The Miami Republican said a guaranty fund is "definitely something we are going to look at, especially since the money is already there."
In recent years, as people rushed into the mortgage industry, the state Office of Financial Regulation took in much more in licensing fees -- with a trust fund that now shows a balance of $24.7 million. The money goes to cover the agency's operating expenses.
Bruns of the AARP -- the state's largest advocacy group for seniors -- said in a written statement it was "dismaying" that state officials allowed $24 million to accumulate in a fund "that could have helped victims of mortgage fraud years ago, but did nothing."
From 1977 to 1991 Florida operated a guaranty fund, paying more than $7 million to more than 100 victims.
When the state's mortgage law came up for review in 1991, a task force recommended the victims' program be continued, but more focused on helping borrowers than investors.
However, instead of keeping the fund, regulators re-wrote the law and phased out the program -- with the last reimbursement in 1997.
RESURRECTING A PLAN
Now, a decade later, Gov.

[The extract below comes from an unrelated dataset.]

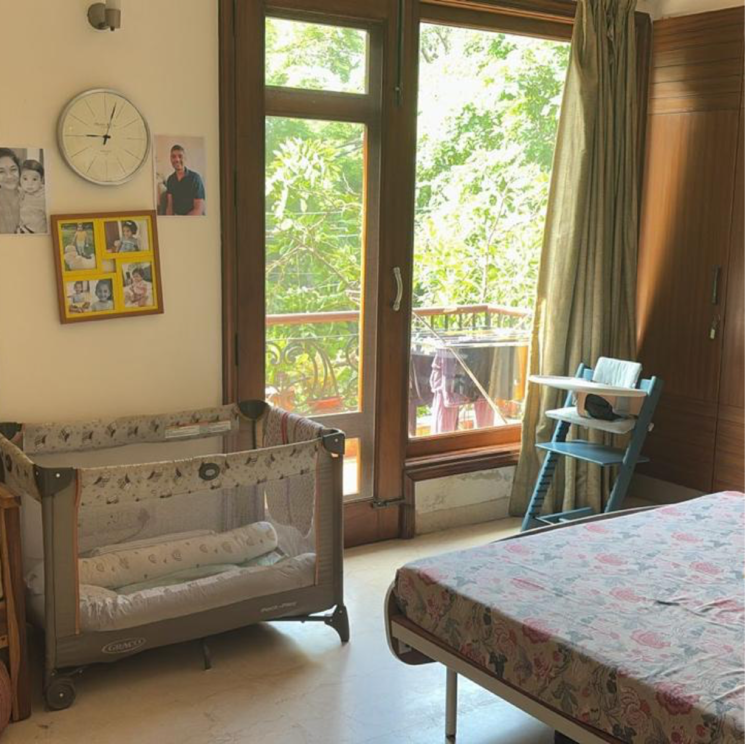 Bedroom, sarvodaya enclave 4 Bedroom 475 Sq.Yd. Builder Floor In Sarvodaya Enclave Delhi 9800940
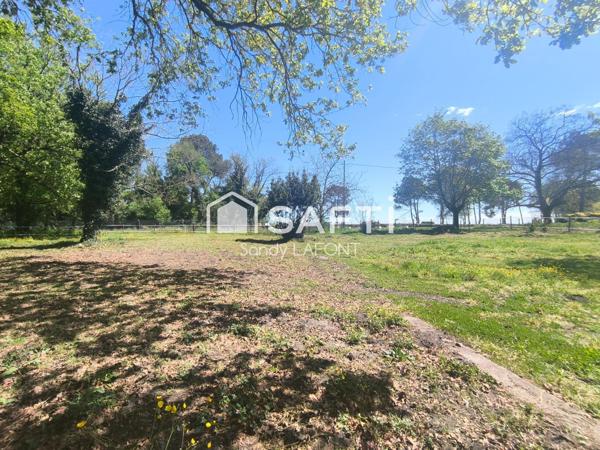 Terrain Constructible 2500 à Mont de Marsan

Charlie Crist and state CFO Alex Sink say they support the idea of resurrecting a victims program, but have not yet endorsed a plan.
Such plans include a guaranty fund or requiring brokers to take out a bond that insures against fraud.
If they chose a fund, there are questions about how to pay for it. Previously, a $10 fee attached to license application costs was the funding source. But some argue it's more effective to charge a fee on each mortgage transaction.
FAMB's Workman said he opposes such a scenario, saying it would put the burden on consumers.
"The bottom line is, " Workman said, "we are absolutely in favor bringing this fund back and having the industry pay for it."